Arizona, for the first time in their history, recalled a state senator. Russell Pearce is the “lovely” gentleman who authored S.B. 1070 which was passed in 2010 (prompting a lawsuit from the federal government) and would have allowed the police to stop and ask for someone’s immigration papers even if there was no overt sign of a law being broken. The prerequisite used for this was “Goddammit, I wanna stop every brown person as far as the eye can see and see if we can kick their butts to the other side of our border cuz that will solve all of our problems.” Oh, no, sorry, that wasn’t it. The prerequisite was “reasonable suspicion.”
(Psst, my daughter’s pretty mocha-colored. Thankfully, we’ve seen the Grand Canyon as I’ve been adamant that Arizona will not get on my short list of holiday destinations anytime soon.

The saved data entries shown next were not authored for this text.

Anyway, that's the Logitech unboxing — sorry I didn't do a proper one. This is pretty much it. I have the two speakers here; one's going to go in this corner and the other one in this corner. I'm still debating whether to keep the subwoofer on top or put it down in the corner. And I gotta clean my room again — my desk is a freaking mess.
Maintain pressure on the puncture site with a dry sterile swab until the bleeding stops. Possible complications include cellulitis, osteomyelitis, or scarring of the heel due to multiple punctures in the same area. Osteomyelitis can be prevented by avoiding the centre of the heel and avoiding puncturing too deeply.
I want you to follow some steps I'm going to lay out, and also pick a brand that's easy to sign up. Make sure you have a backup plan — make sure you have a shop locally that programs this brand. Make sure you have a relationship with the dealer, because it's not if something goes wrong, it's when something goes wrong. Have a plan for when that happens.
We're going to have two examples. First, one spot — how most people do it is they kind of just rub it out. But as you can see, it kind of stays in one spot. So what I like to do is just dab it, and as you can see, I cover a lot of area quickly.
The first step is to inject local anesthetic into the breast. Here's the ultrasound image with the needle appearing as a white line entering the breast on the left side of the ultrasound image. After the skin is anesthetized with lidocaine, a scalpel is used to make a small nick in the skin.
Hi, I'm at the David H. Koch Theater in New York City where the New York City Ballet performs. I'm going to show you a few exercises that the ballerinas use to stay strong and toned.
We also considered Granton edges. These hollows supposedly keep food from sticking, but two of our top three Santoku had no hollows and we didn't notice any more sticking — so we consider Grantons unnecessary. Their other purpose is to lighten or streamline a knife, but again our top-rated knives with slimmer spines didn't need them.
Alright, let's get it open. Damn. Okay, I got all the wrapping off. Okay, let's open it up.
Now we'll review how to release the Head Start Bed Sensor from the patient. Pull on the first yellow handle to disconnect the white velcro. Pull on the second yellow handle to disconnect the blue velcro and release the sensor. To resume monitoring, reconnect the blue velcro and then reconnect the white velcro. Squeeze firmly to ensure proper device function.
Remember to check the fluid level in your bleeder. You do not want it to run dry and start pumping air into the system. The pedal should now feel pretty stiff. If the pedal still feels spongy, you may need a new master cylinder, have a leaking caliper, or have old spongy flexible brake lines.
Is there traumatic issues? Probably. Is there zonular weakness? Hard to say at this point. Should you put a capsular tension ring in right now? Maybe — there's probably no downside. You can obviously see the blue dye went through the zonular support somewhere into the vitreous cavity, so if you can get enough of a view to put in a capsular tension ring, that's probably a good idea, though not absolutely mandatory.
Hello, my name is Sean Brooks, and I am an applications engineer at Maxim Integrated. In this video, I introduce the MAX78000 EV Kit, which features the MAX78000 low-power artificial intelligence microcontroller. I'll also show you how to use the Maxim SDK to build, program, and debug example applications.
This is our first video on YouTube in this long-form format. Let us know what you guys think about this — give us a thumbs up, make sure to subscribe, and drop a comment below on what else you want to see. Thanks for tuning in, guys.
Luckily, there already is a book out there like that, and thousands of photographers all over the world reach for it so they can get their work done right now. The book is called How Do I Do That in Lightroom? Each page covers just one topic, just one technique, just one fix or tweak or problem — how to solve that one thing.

Hopefully, this recall is a sign of sanity restored because, well, I kind of dig AZ.)
Maine restored same-day registration voting. Ah, good ol’ Maine. Hail, rain, sleet or snow, ya can’t stop them folks from casting their vote. Thank you for coming out.
Faith restored, my adrenalin-caffeine buzz leveling out, my quiet joy and satisfaction held the corners of my mouth in a pleasant place for hours and hours. It was a good day.